Prompt: Here the job is to transcribe only the lines from the one containing "Photo of Livingroom in Desert Park Estates" through the last line below, exactly as written; please leave out pictures.

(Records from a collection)
▼

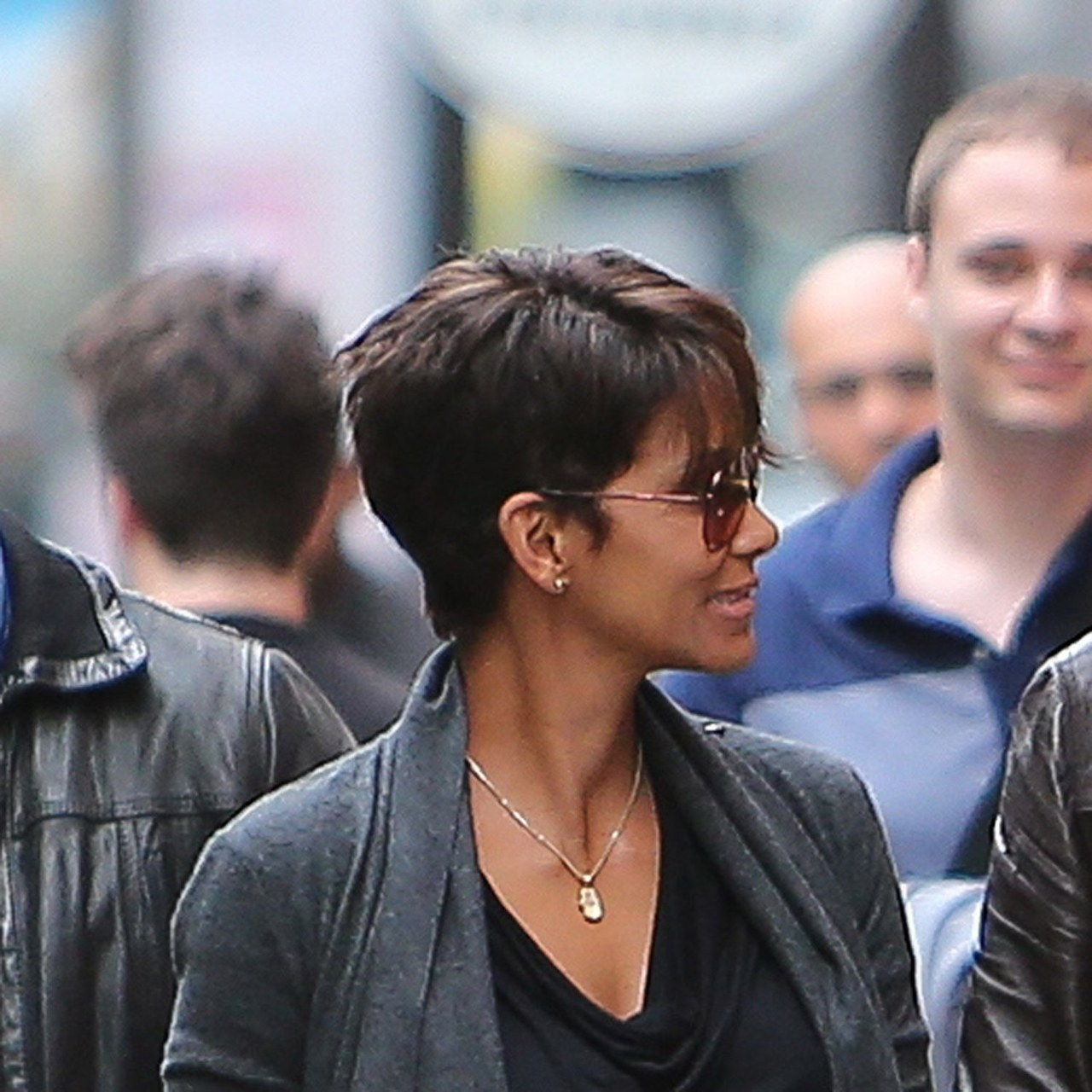 halle berry side haircut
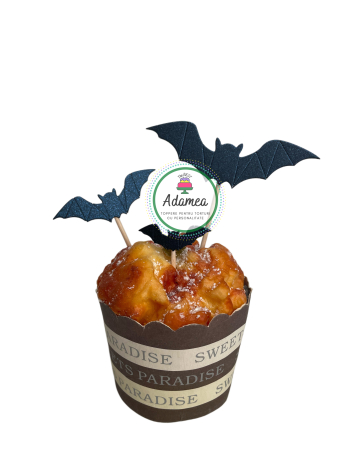 Pentru fetițe - Topper de tort  personalizat cu element special din carton sub forma de  3 lilieci negri ideali pentru tematicile de Halloween,  Batman, Vampinina, Wednesday etc.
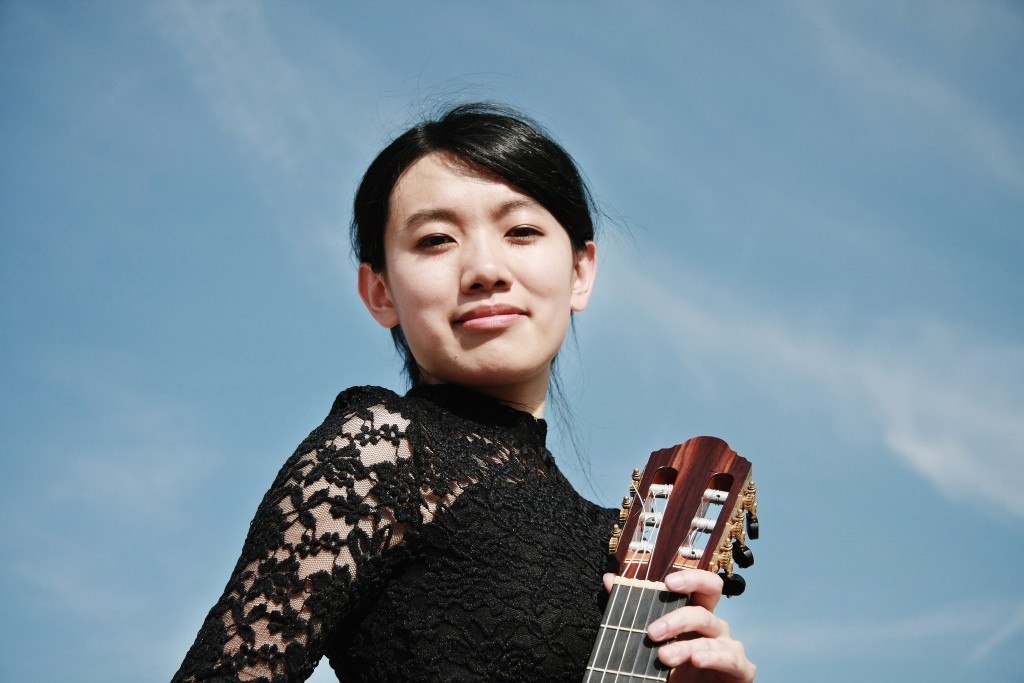 Gitarristin Liying Zhu // &copy; Kathleen Hartung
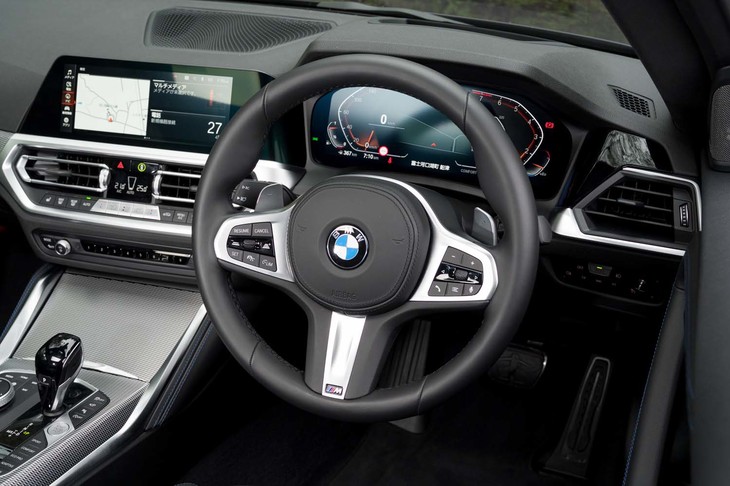 「Mスポーツステアリングホイール」を標準装備。ハンズオフ機能付き運転支援システムが備わっていないため、「3シリーズ」と比べると左のステアリングスイッチが少し簡素。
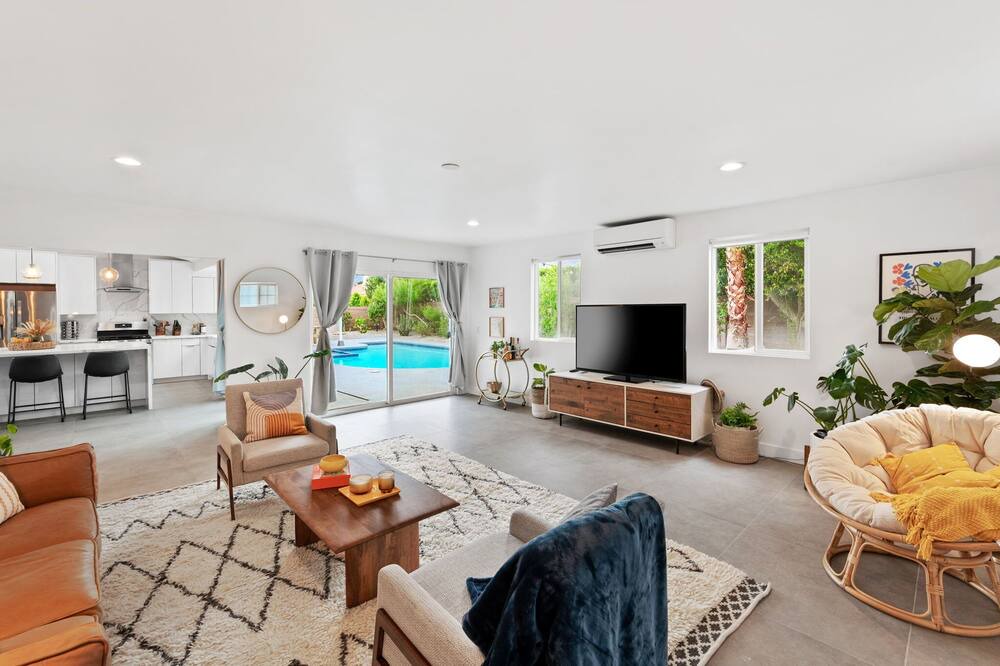 Photo of Livingroom in Desert Park Estates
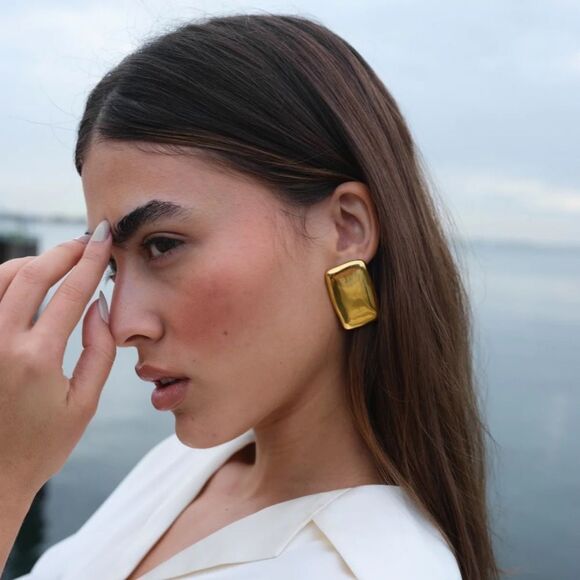 Gold geo stud earrings #1003 - Picture 1 of 7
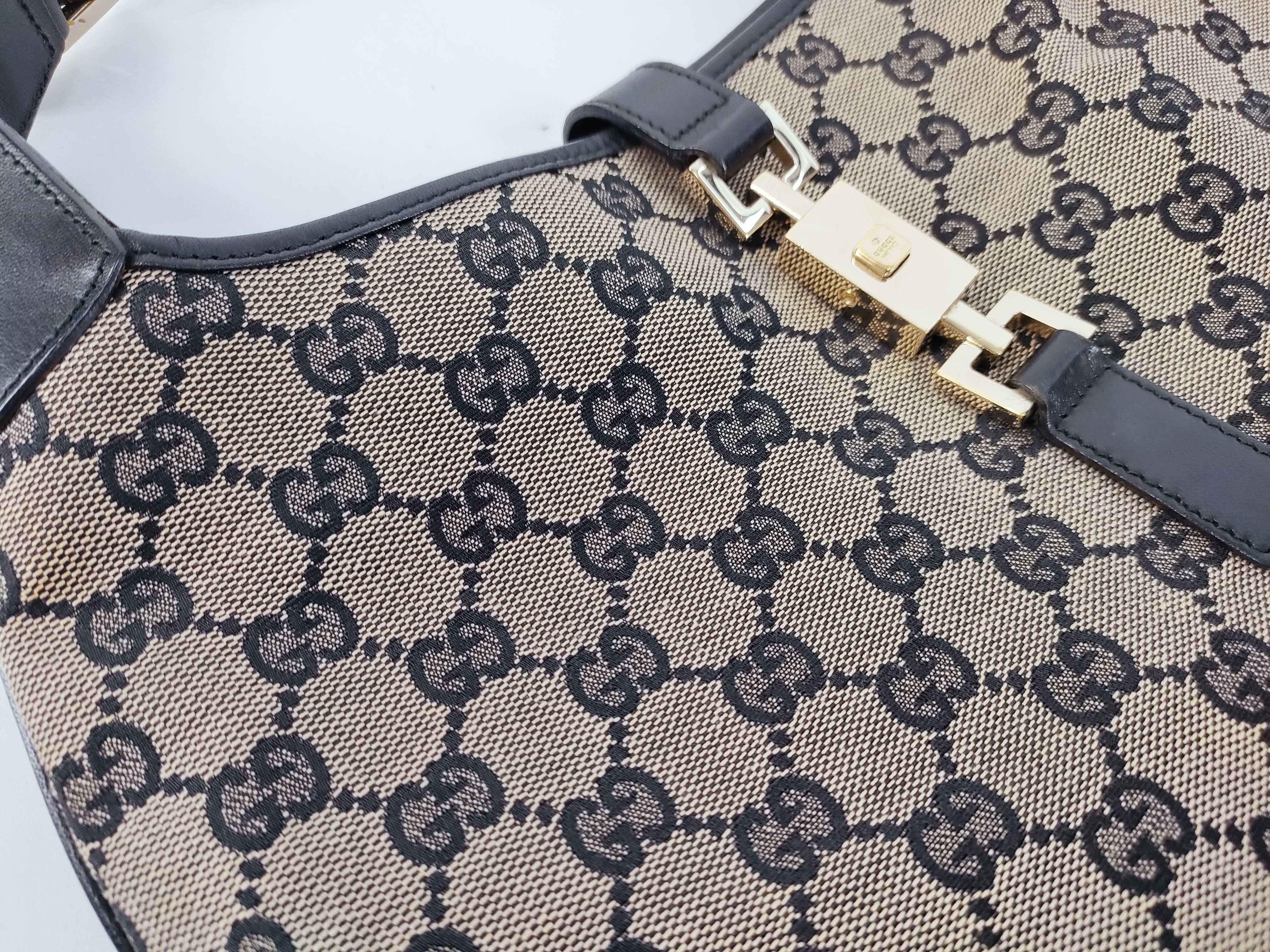 GG Canvas Jackie Shoulder Bag — view 15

▲

Task response:
 Photo of Livingroom in Desert Park Estates
 Gold geo stud earrings #1003 - Picture 1 of 7
 GG Canvas Jackie Shoulder Bag — view 15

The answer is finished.